The plans were discussed during a debate on the introduction of a negative licensing scheme for retailers.
Under the scheme, due to be enforced in 2008, retailers caught selling tobacco to minors three times in a two-year period could have their licences revoked for up to one year.
The Association of Convenience Stores (ACS) has been lobbying for a range of amendments to be made to the scheme, including tougher sanctions for proxy purchasers and teenagers who attempt to buy underage.
ACS chief executive James Lowman said: "Sanctions against retailers alone are not enough. This government must also deter young smokers from trying to buy. It's not only fair, it's the only way to challenge the attitudes of young people."
Speaking at the committee stage, justice minister David Hanson said there was scope to make it an offence to proxy purchase. However, he added that he was unconvinced about making it an offence for underage people to attempt to purchase.
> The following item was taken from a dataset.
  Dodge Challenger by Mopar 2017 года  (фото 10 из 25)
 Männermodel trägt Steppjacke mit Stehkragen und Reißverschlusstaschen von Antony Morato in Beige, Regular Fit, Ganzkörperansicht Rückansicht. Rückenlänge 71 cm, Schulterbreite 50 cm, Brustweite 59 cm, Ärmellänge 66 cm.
Such a move would criminalise them, he said.
Hanson also refused to accept the ACS' proposals to decrease the time frame for offences from two years to one, and to reduce the length of the ban to three months as is currently the case with alcohol sanctions.
He agreed that a notification process was needed to ensure that retailers were given the opportunity to improve should they be found to have failed a test purchase and said he would include the amendments at the Bill's next stage.